Inflammatory bowel diseases and primary immunodeficiency diseases
Published in Immunological Medicine, 2018
IBD is typically diagnosed from endoscopic and histopathological observations. The histopathology of IBD is classified as CD, UC, or IBD unclassified, and the latter is frequently observed in patients with VEOIBD, especially those with monogenic IBD. Various functional and genetic tests are required to confirm monogenic IBD in patients with VEOID (Figure 3). These include analyses of neutrophil-mediated oxidative bursts using nitroblue tetrazolium tests or flow cytometry-based assays, measurements of IgG, IgA, IgM, and IgE, and flow cytometric assays of lymphocyte subsets, such as CD3+ T, CD4+ T, CD8+ T, CD19/C20+ B, and CD16/CD56+ natural killer (NK) cells. All types of chronic granulomatous disease can be diagnosed using assays of the neutrophil oxidative burst. Patients with common variable immunodeficiency and agammaglobulinemia show reduced levels of all class immunoglobulins. Patients with hyper IgM syndrome generally have normal to elevated levels of IgM but reduced levels of IgG and IgA. Elevated levels of IgE and/or eosinophilia are also observed in patients with monogenic defects in FOXP3, IL2RA, IKBKG, WAS, or DOCK8 genes.

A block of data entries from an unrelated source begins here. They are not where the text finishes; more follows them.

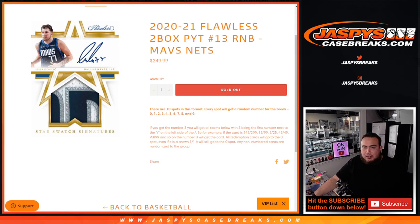Same thing as any other random number block format — everybody gets a random number from 0 through 9. We go by the first number on the left side of the serial number dash. There's your examples there.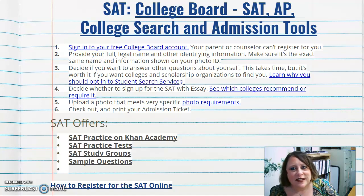Provide your full legal name and any other identifying information requested. Make sure it is the exact same name shown on your photo ID — not a nickname. You can also answer optional questions about your background and college interests, which is worth doing if you want colleges and scholarship organizations to find you.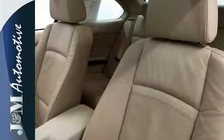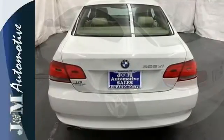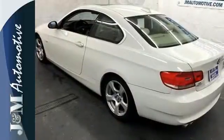With world-class performance and unmatched refinement, this 3 Series makes no concessions to those who want the best of both worlds. Test drive it today.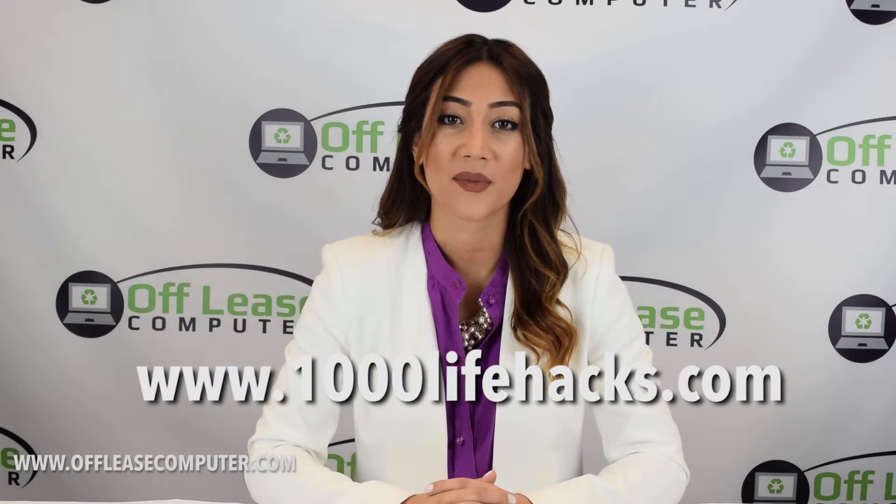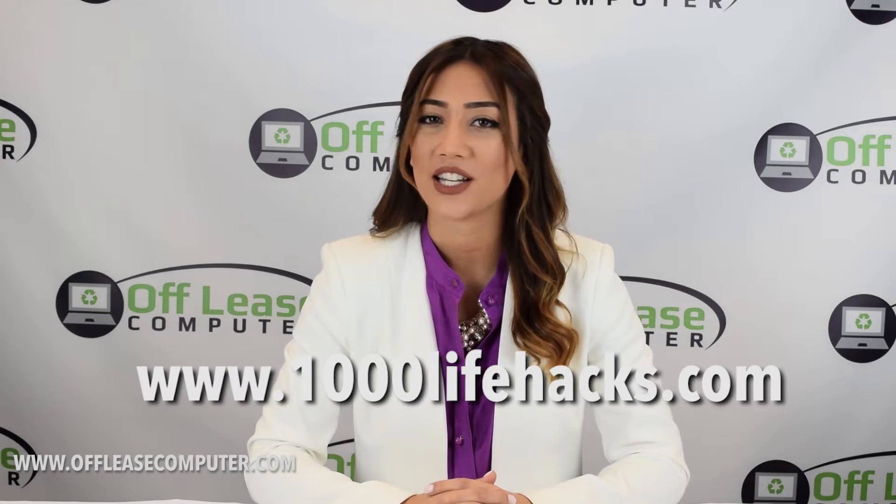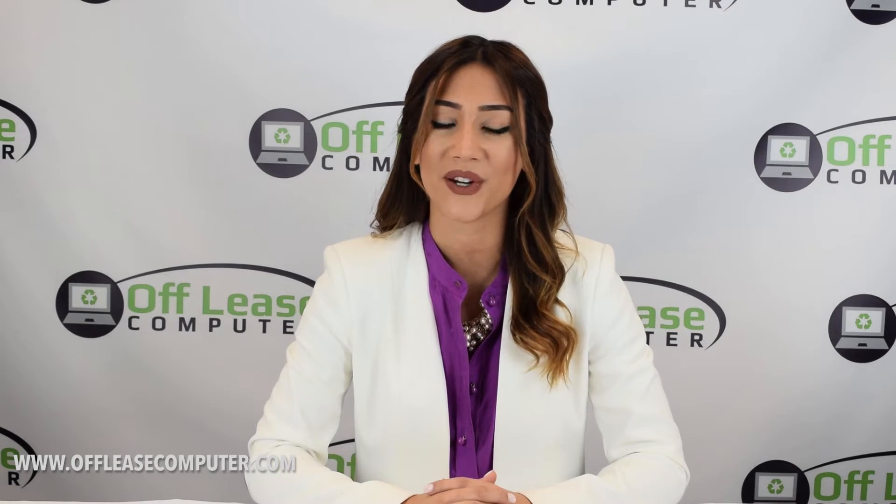Go to 1000LifeHacks.com to get more tips just like this. Do you have any tips? Let us know in the comment section below or email us at info@offleasecomputer.com.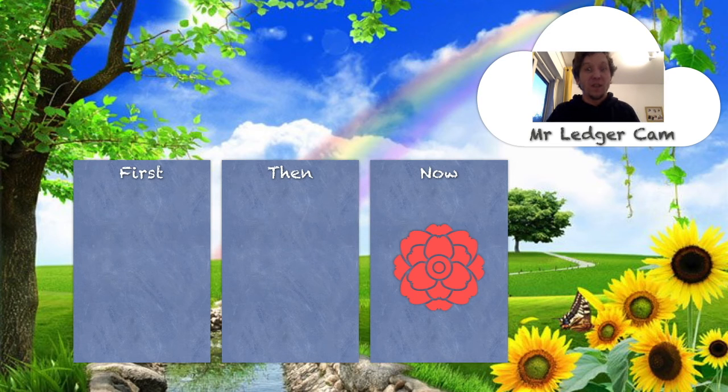First, there were no flowers in Mr. Ledger's garden. Then there was sunshine and rain, and out of the mud grew one beautiful flower. I want to see if you can come up with your own first, then, now stories for the number one.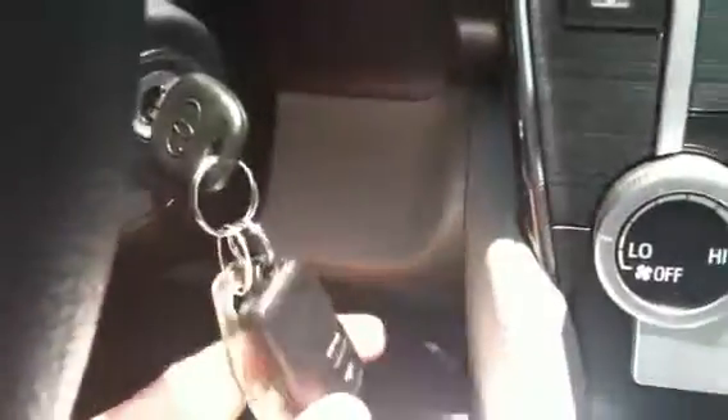There would be the Camry decaled floor mats, and then the keyless entry can allow you to unlock and lock the car remotely.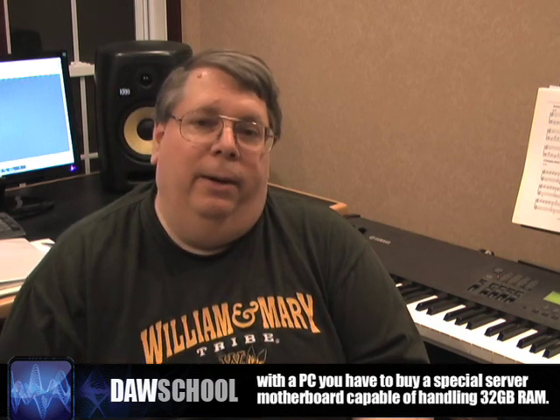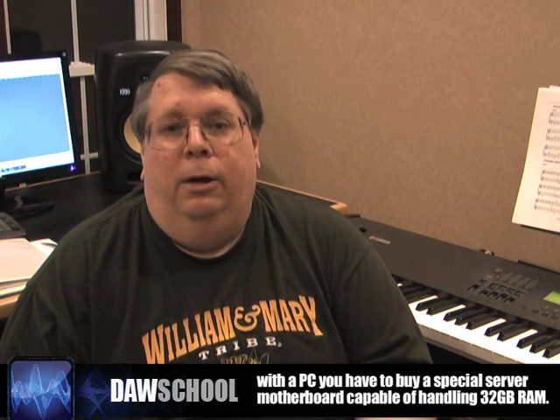...then Apple can be a very good choice, because as I mentioned in the last DOS School episode, the Mac Pro already comes with a motherboard capable of handling 32GB of RAM. Whereas on a PC, you have to get a special motherboard — a server motherboard — capable of handling 32GB of RAM. So that's how I look at the differences between Apple and the PC. I look forward to seeing you next time in DOS School.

Whereas all patients with severe combined immunodeficiency (SCID) lack T cells, the associated impact on B and NK cells vary between genetic defects. For example, X-linked agammaglobulinemia is associated with reduced numbers of circulating B cells. Moreover, FOXP3 expression in CD4+CD25+ T cells is reduced in a proportion of patients with immune dysregulation, polyendocrinopathy, enteropathy, and X-linked (IPEX) syndrome [16,17]. XIAP expression is decreased in lymphocytes and monocytes of some patients with XIAP deficiency (Figure 4(a)) [17,18], and muramyl dipeptide signaling is selectively defective in patients with XIAP deficiency (Figure 4(b)) [19]. IL-10 receptor deficiency can also be detected using assays that determine whether exogenous IL-10 suppresses lipopolysaccharide-induced cytokine production in peripheral blood mononuclear cells [20,21]. Following functional screening of these deficiencies, candidate genes are generally sequenced to confirm the suspected genetic condition.